Outside the C standard library, but somewhat in libc, the mmap family of APIs have undergone a number of quite subtle changes. We've got some minor updates in progress on the CheriBSD side around address hints and then I should probably sit down and update the manpages again to reflect the ways the API has changed.

rwatson commented 4 years ago

Experience this far suggests that consumers of interfaces such as sort(), strpos(), and strtok() sometimes expect the returned string pointer to continue to allow access to other bits of the containing string, rather than simply being pointers to a shorter string. On the whole we've therefore opted not to set bounds in those APIs, after a few misfires.

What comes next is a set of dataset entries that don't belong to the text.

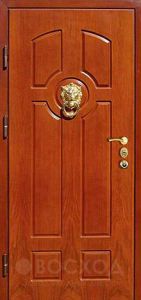 Входная дверь в частный дом с терморазрывом №49 - фото №2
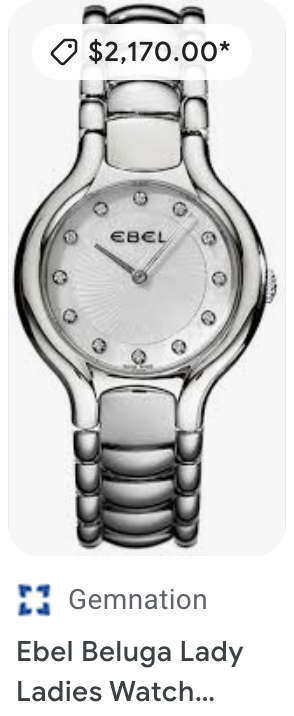 Ebel Beluga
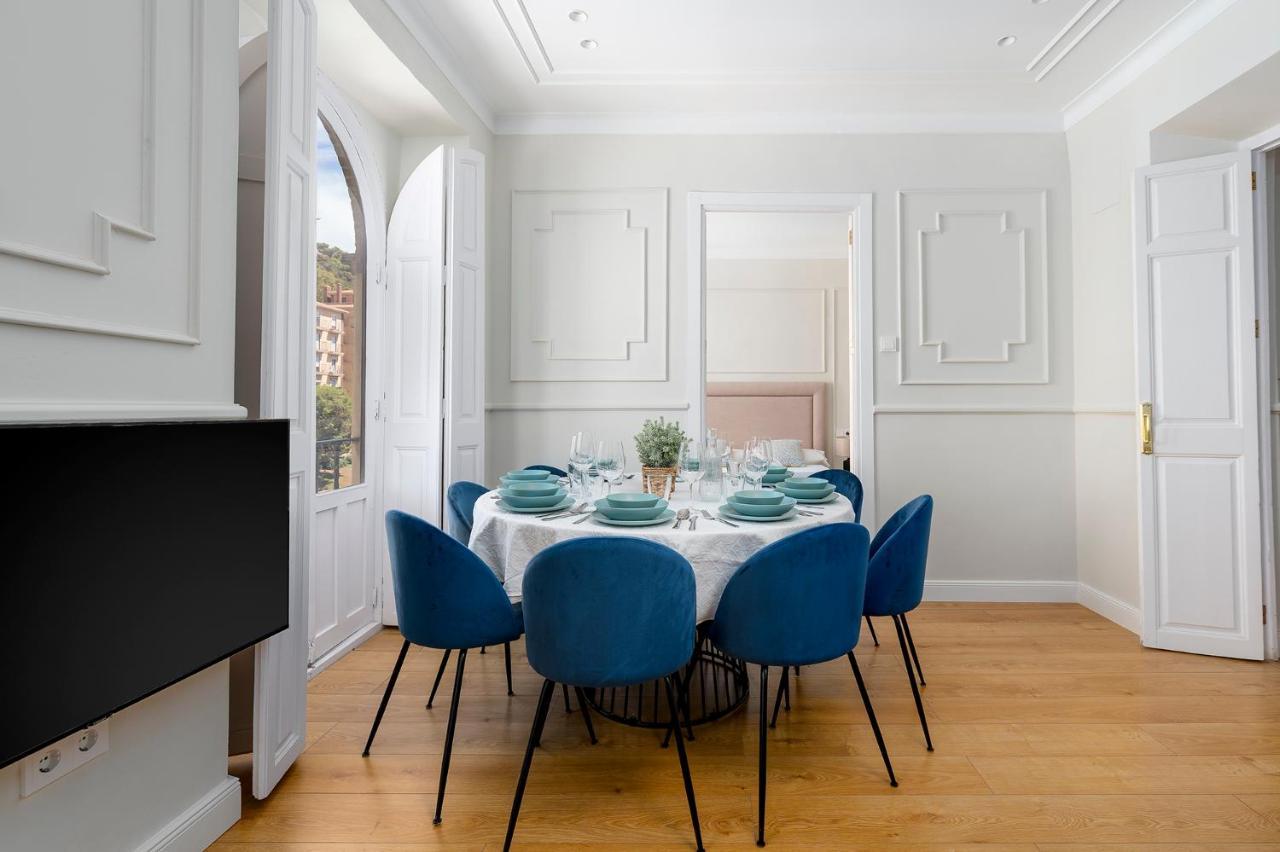 Apartamento Plaza De La Merced 4 Habitaciones Малага Екстер'єр фото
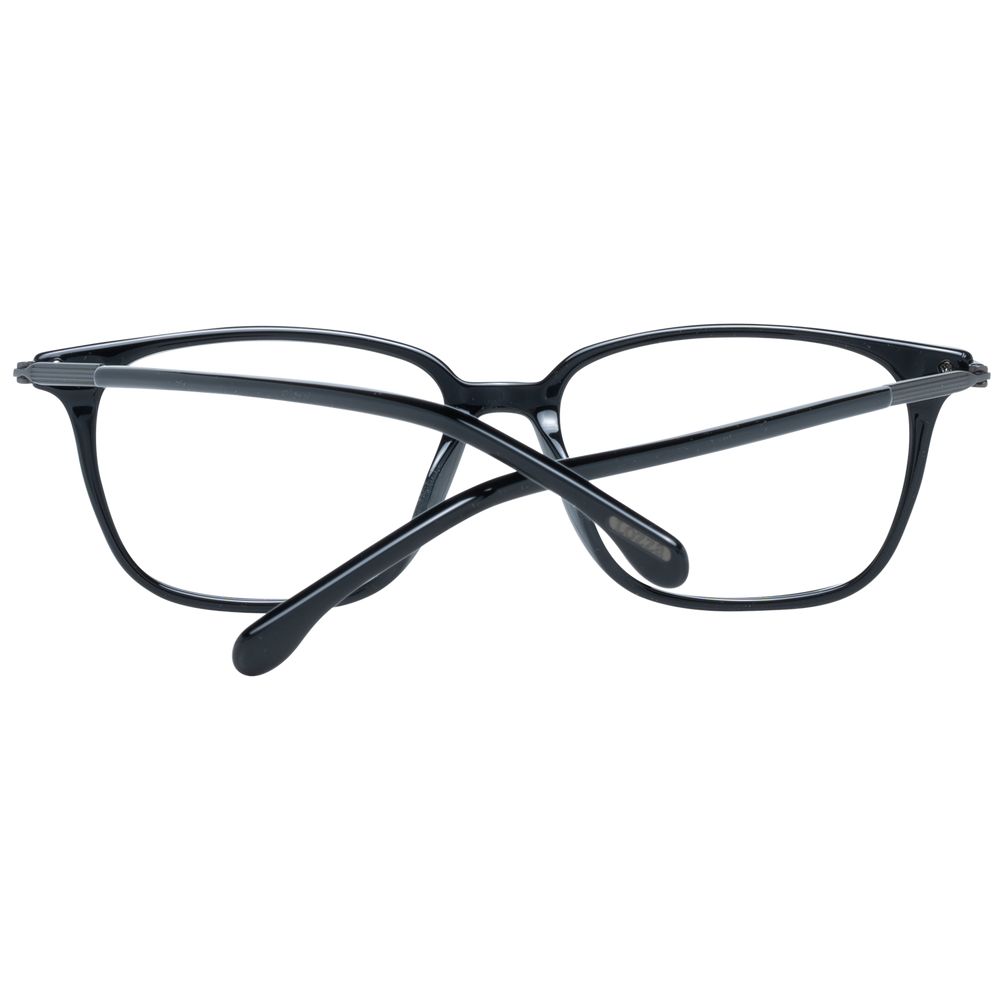 Black Men Glasses Frame Lozza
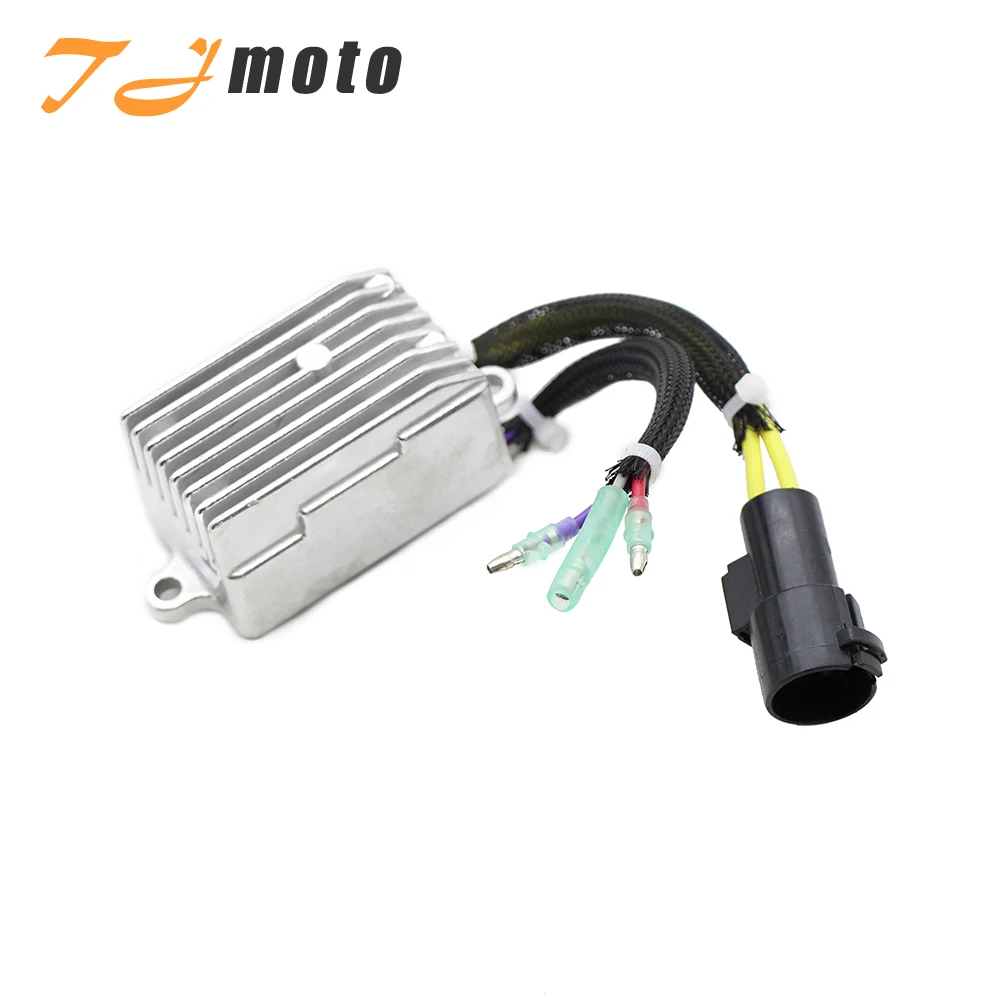Motorcycle Voltage Regulator Rectifier For Johnson Evinrude Johnson Evinrude 15 10 25 35 HP 1996-2001 OEM:0584890 1934890
Motorcycle Voltage Regulator Rectifier For Johnson Evinrude Johnson Evinrude 15 10 25 35 HP 1996-2001 OEM:0584890 1934890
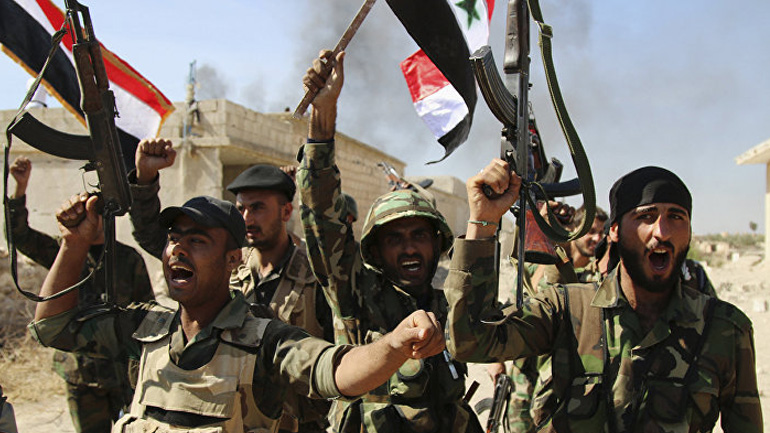 Συρία: Οι νίκες του συριακού στρατού μετά την ανακατάληψη πριν ένα χρόνο του Χαλεπιού
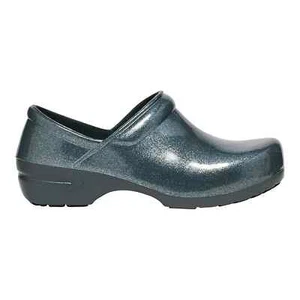 Zueco trasero cerrado Anywear para mujer profesional de la salud, talla 7W/5M - Imagen 1 de 7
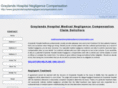 graylandshospitalnegligencecompensation.com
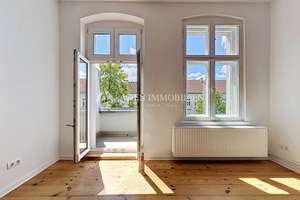 Lichtdurchflutete 2-Zimmer-Wohnung mit Balkon und modernem Bad – Kiefholzstr. 253, 12437 Baumschulenweg, Berlin – Vorschaubild 7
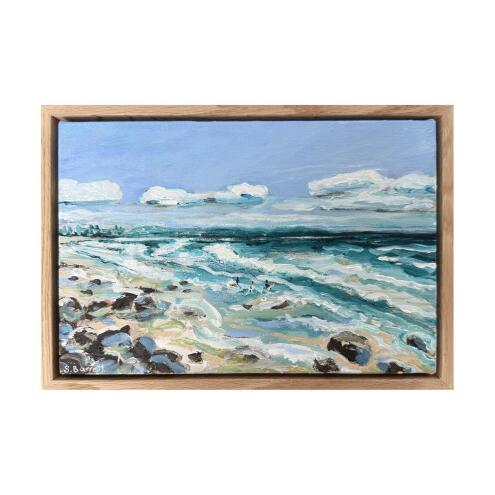 SUZANNE BARRETT Beach Days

A more complete study might show that it's feasible and useful to do so. (E.g., I can imagine that if it were safe with parsing functions, it would be quite beneficial?)

brooksdavis commented 4 years ago

It's worth remembering that any time you explicitly set bounds, you will likely need to get back to the original pointer later so you need the equivalent of a free to malloc for whatever function you're calling. (fgetln is odd because the lifetime is implicit).

With string functions, you certainly can't assume that bytes beyond the NUL won't be accessed later.

Thinking aloud: asprintf() might be an interesting case. Depending on the implementation you might end up with a somewhat oversized allocation and want to slap a bound on it. I'm not sure how that would play out in practice though.

It's sometimes useful to set bounds internally as a debugging aid/assertion, but you need to take care that they don't leak out.

rwatson commented 4 years ago

I think it is safe to say that we have a pretty good understanding of bounds behaviour at the granularity of the allocation, but that experiments with sub-object bounds generally prove more challenging: structure fields, array entries, etc. In the case of structure fields, we have experimental results that are useful regarding the use of containerof patterns. For array entries, we've generally found that software (as with the language) is quite sloppy regarding whether a pointer is to the array itself, or just to an element of an array. The more conservative route, simply doing allocation bounds, seems a sensible route, and larger-scale experiments with structure sub-object bounds are proving productive (e.g., with our pure-capability kernel).

rwatson commented 4 years ago

(But, to be clear, we've not reviewed POSIX (for example) for other opportunities in any detail. Perhaps there are cases where arrays are indexed and a pointer returned, and yet the caller should not be able to get back to the array -- such as strerror() -- however, I'm not sure how much actual utility will be found in restricting those cases.)

rwatson commented 4 years ago

10 created to address C-language definitions and their bounds/permissions, as distinct from standard library APIs.